16 de julio de 2008

LAS JORNADAS MUNDIALES DE LA JUVENTUD: UN PUEBLO NUEVO ENTRE DOS PAPAS.

por Manuel María Bru

En un encuentro con el grupo de periodistas jóvenes Crónica Blanca, preguntaban a Paloma Gómez Borrero, inseparable compañera de viaje de Juan Pablo II, a que se debe esa predilección especial -humana y pastoral- del Papa iniciador de las JMJ por los jóvenes. Ella contestó inmediatamente que el tan querido Siervo de Dios Juan Pablo II, siempre contemplativo y con la mirada puesta en el futuro, veía en ellos la esperanza de la Iglesia y de la humanidad, y confíaba realmente en ellos, otorgándoles un protagonismo especial, provocativo y responsable.

Los predilectos del Papa.

Y así los vio siempre: “centinelas del mañana en este amanecer del tercer milenio”. ¿Por qué?

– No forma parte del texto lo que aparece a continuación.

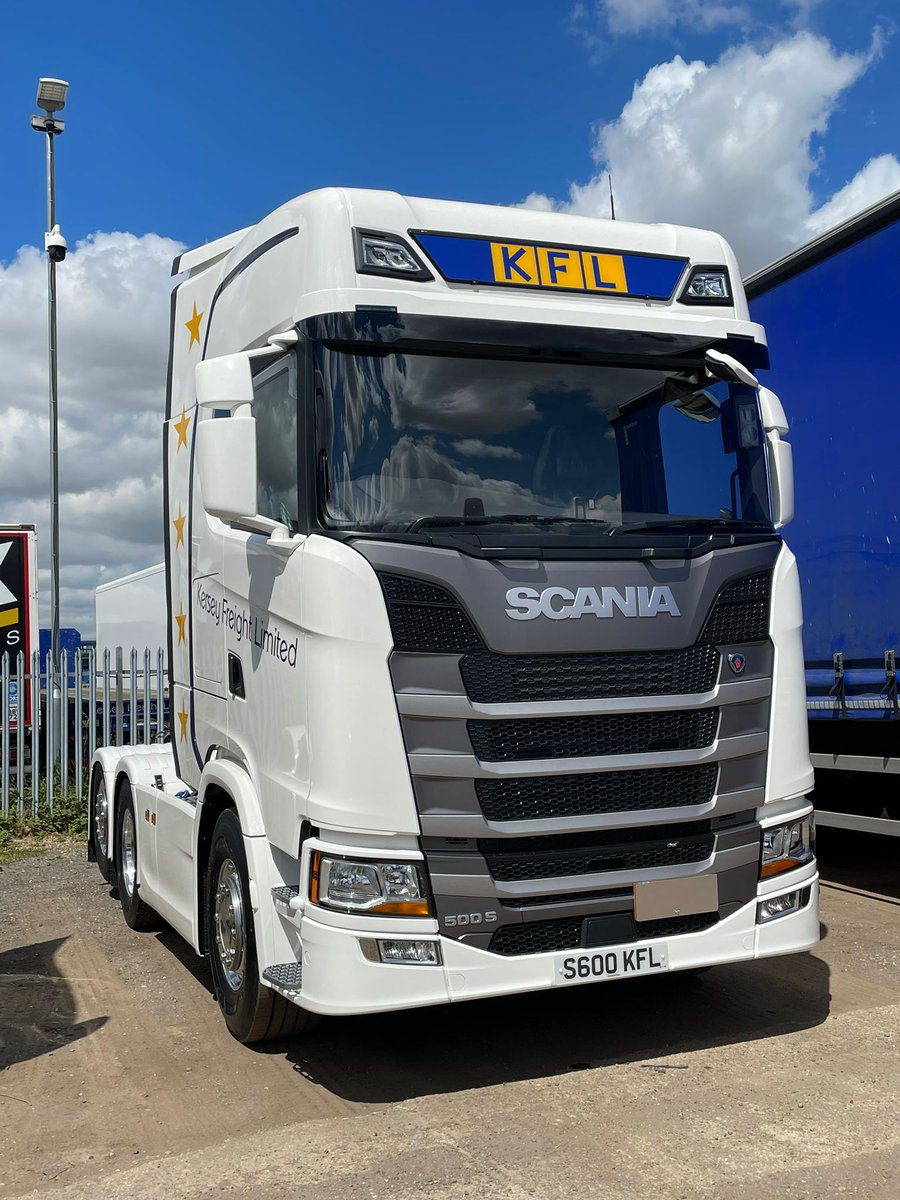 KerseyFreight's tweet photo. Welcoming Trucks S23 KFL &amp; S600 KFL! #friyay 

#scaniauk #scaniatrucks #trucks #driverswanted #Transportation  #heavygoods #teamkersey #haulage #ukfreight #transport #supplychain https://t.co/6CqDMPACKT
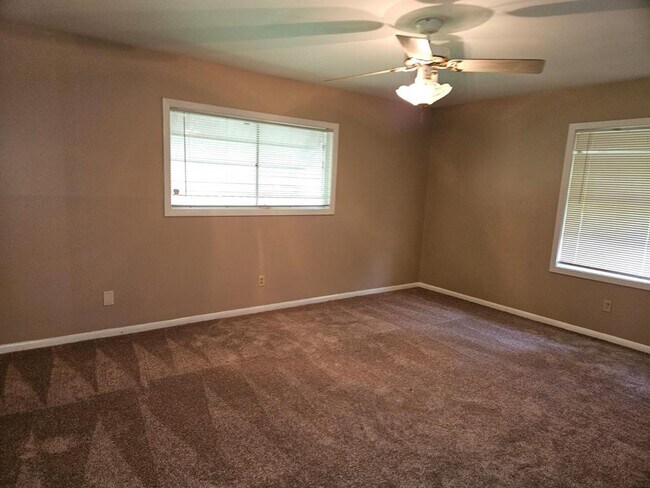 Building Photo - 2100 Colby Dr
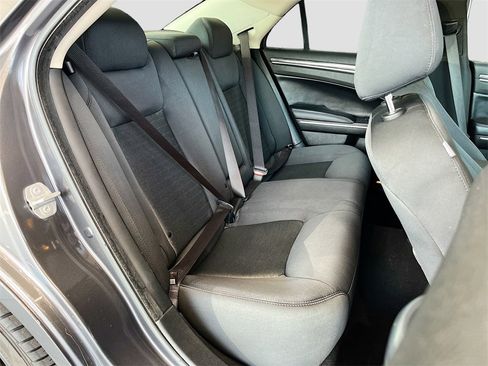 Used 2022 Chrysler 300 Touring w/ Sport Appearance Package image 24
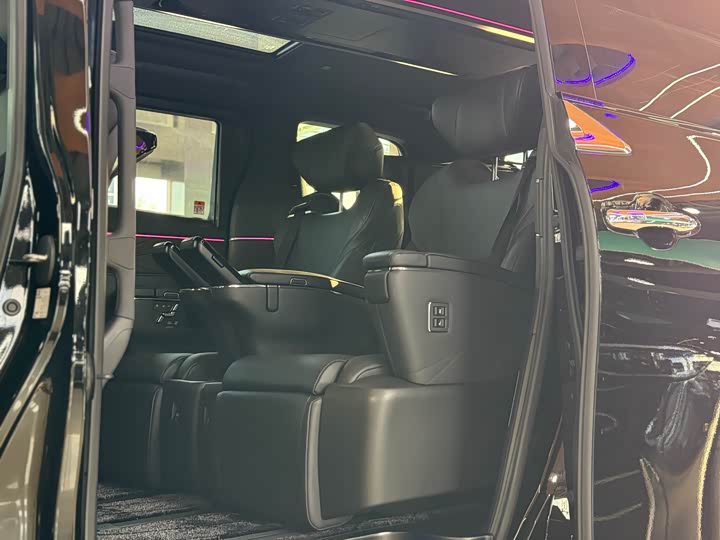 Toyota Vellfire 2024 2024款 皇冠 双擎 2.5L 至尊行政版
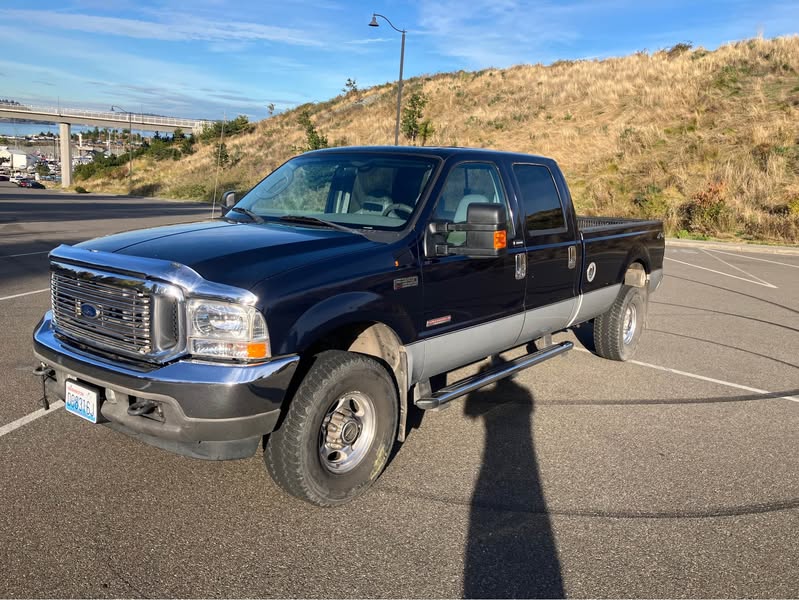 2004 Ford F350 Super Duty Crew Cab Lariat Pickup 4D 8 ft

Él mismo lo explicó una vez, en la Vigilia del Año Jubilar 2000, y su explicación es estremecedora: “A lo largo del siglo que termina, jóvenes como vosotros eran convocados en reuniones masivas para aprender a odiar, eran enviados para combatir los unos contra los otros. Los diversos mesianismos secularizados, que han intentado sustituir la esperanza cristiana, se han revelado después como verdaderos y propios infiernos. Hoy estáis reunidos aquí para afirmar que en el nuevo siglo no os prestaréis a ser instrumentos de violencia y destrucción; defenderéis la paz, incluso a costa de vuestra vida si fuera necesario. No os conformaréis con un mundo en el que otros seres humanos mueren de hambre, son analfabetos, están sin trabajo. Defenderéis la vida en cada momento de su desarrollo terreno; os esforzaréis con todas vuestras energías en hacer que esta tierra sea cada vez más habitable para todos”.

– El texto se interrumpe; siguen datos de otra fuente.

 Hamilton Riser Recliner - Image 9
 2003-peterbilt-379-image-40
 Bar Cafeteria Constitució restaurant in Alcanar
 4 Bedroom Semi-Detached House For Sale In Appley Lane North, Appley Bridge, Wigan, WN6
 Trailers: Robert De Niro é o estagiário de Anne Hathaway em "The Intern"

Entre encuentros con los jóvenes en prácticamente la totalidad de los mas de cien viajes apostólicos, los encuentros también periódicos y programados con diversos movimientos juveniles como los Gen o UNIV, y las jornadas mundiales de la juventud, Juan Pablo II encabezó también, entre tantos de sus “records”, el de ser el hombre que más jóvenes ha convocado en la historia. En el mensaje a los jóvenes de 1992 dejo bien claro cual es el valor que él daba a las jornadas y encuentros mundiales de la juventud: “estas manifestaciones periódicas no quieren ser un rito convencional, es decir, un acontecimiento que se justifica en su misma repetición. Al contrario, nacen más bien de una necesidad profunda que tiene su origen en el corazón del ser humano y se refleja en la vida de la Iglesia, peregrina y misionera. Las Jornadas y los Encuentros mundiales de la juventud marcan providenciales momentos de reflexión: ayudan a los jóvenes a interrogarse sobre sus aspiraciones más íntimas, a profundizar su sentido eclesial, a proclamar con creciente gozo y audacia la común fe en Cristo, muerto y resucitado. Son momentos en los que muchos de ellos maduran opciones valientes e iluminadas, que pueden contribuir a orientar el futuro de la historia bajo la guía, al mismo tiempo fuerte y suave, del Espíritu Santo”.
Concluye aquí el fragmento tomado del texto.